I'm using NER to essentially scrub text so that each named entity is replaced with its label (PERSON, ORG, etc.). So "John works at Apple" would become "PERSON works at ORG."
clause_text is my list of sentences. I used the ner-d package to build my NER model and scrub text as follows:
for text in clause_text:
input_text = text
doc = ner.name(input_text, language='en_core_web_sm')
text_label = [(X.text, X.label_) for X in doc]
# replace all named entities with their label (PERSON, ORG, etc)
for text, label in text_label:
input_text = input_text.replace(text, label)
scrubbed_text.append(input_text)
Now, I am trying to add custom training data. Basically I want to be able to add a sentence with labels and update the NER model to make it more accurate/specific to what I need it to do. Right now I have this:
nlp = spacy.load('en_core_web_sm')
if 'ner' not in nlp.pipe_names:
ner = nlp.create_pipe('ner')
nlp.add_pipe(ner)
else:
ner = nlp.get_pipe('ner')
from spacy.gold import GoldParse
from spacy.pipeline import EntityRecognizer
doc_list = []
doc = nlp('This EULA stipulates a contract for Hamilton Enterprises.')
doc_list.append(doc)
gold_list = []
gold_list.append(GoldParse(doc, [u'O', u'O', u'O', u'O', u'O', u'O', u'ORG']))
ner = EntityRecognizer(nlp.vocab, entity_types = ['ORG'])

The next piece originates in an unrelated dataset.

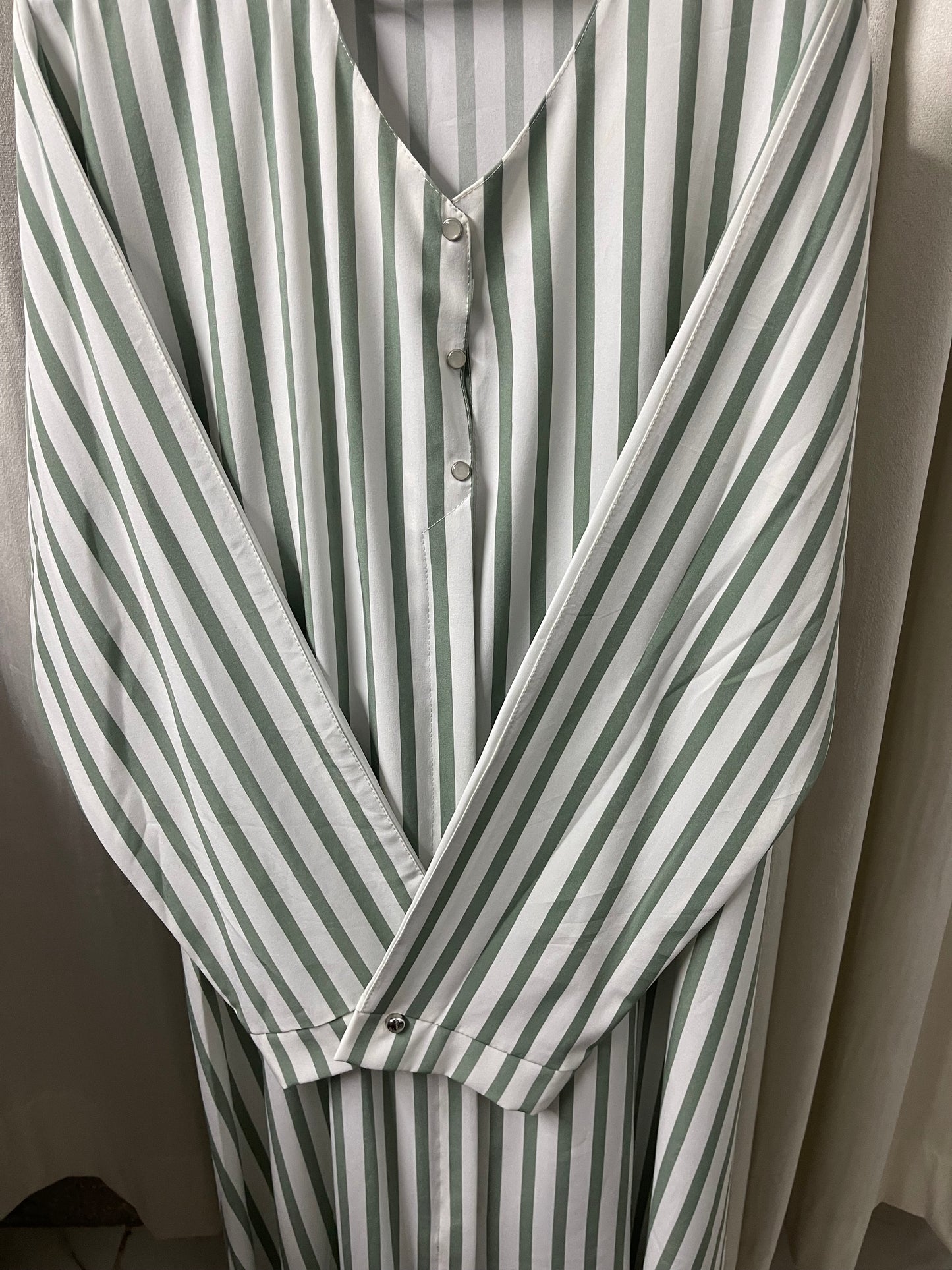 Line Style Open Abaya And Contras Hijab With 1 side Pocket - White With Green Lines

ner.update(doc_list, gold_list)
But when I run this, I get this error:
---------------------------------------------------------------------------
ValueError Traceback (most recent call last)
<ipython-input-11-92c53f5c90b1> in <module>
9
10 ner = EntityRecognizer(nlp.vocab, entity_types = ['ORG'])
---> 11 ner.update(doc_list, gold_list)
nn_parser.pyx in spacy.syntax.nn_parser.Parser.update()
nn_parser.pyx in spacy.syntax.nn_parser.Parser.require_model()
ValueError: [E109] Model for component 'ner' not initialized. Did you forget to load a model, or forget to call begin_training()?
Does anyone have any insight on how to best fix this code, or if there's a better way to add custom entries to update the NER model? Thanks so much!